Stando all’ecologista zurighese, ogni anno viene denunciato lo smarrimento di oltre 10’000 felini che spesso finiscono nei rifugi per animali per mesi. Introdurre l’obbligo del microchip comporterebbe, a suo avviso, vari vantaggi oltre a quello più evidente, ossia che, in caso di smarrimento, il detentore di un gatto registrato e dotato di microchip potrebbe essere immediatamente contattato dopo il ritrovamento.
Una misura del genere, a detta dell’ecologista, consentirebbe di ridurre i costi dei Comuni e gli sforzi di numerose organizzazioni in relazione agli animali randagi e alla ricerca, sovente vana, dei rispettivi proprietari.
Un microchip per i gatti, ha sostenuto in aula la consigliera federale Elisabeth Baume-Schneider, risulterebbe inoltre utile in caso di epizoozie, come la rabbia, o di incidenti e permetterebbe di raccogliere dati per analizzare, affrontare e risolvere più facilmente questioni inerenti alla protezione degli animali quali l’allevamento estremo, il commercio di gatti, l’età minima per la vendita, la vendita su piattaforme per animali e i gatti ibridi.

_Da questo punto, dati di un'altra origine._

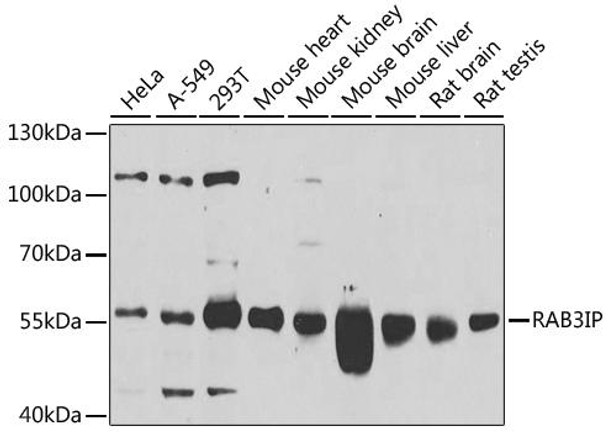 Cell Biology Antibodies 11 Anti-RAB3IP Antibody CAB8094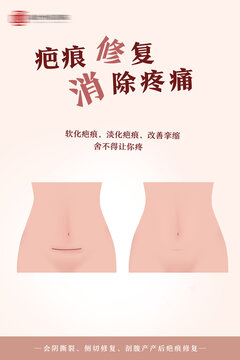 女性产后疤痕修复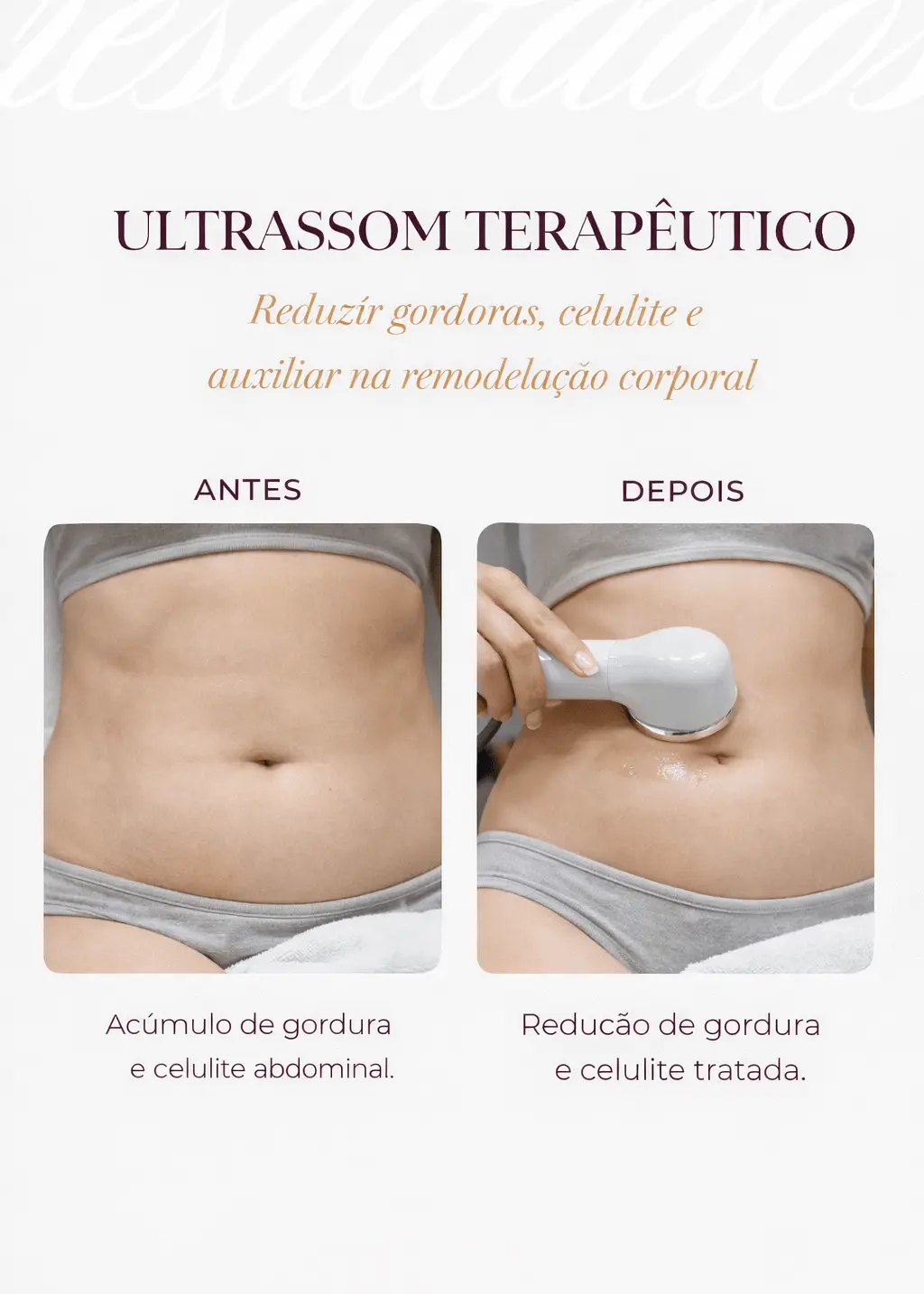 Comparativo antes e depois de Ultrassom Terapêutico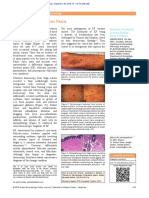 Dermoscopy of Keratosis Pilaris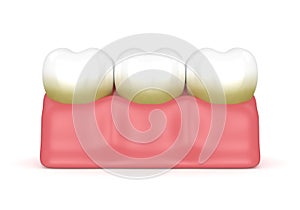 3d render of teeth with plaque and tartar photo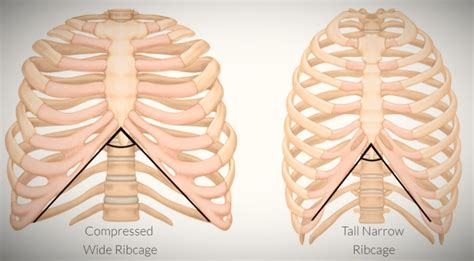 wide rib cage vs normal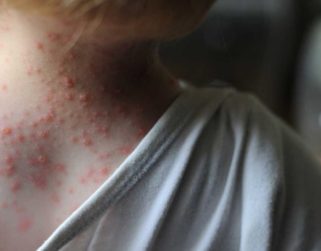 Síntomas parcialmente distintos en primeros casos europeos de viruela del mono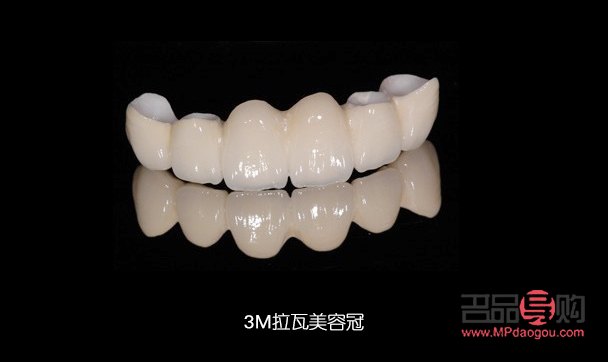 <h3>美容冠：美麗與健康的雙重保障</h3>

Ma per i contrari, specie l’Unione democratica di centro (UDC, destra conservatrice), già ora i proprietari di felini possono dotare il proprio animale di un microchip se lo desiderano. Pensare di poter lottare contro il fenomeno dei gatti randagi ricorrendo a un obbligo è del tutto irrealistico, è stato affermato in aula dagli avversarsi, che hanno inoltre criticato una misura costosa e accentratrice che non risponde alle vere priorità della popolazione.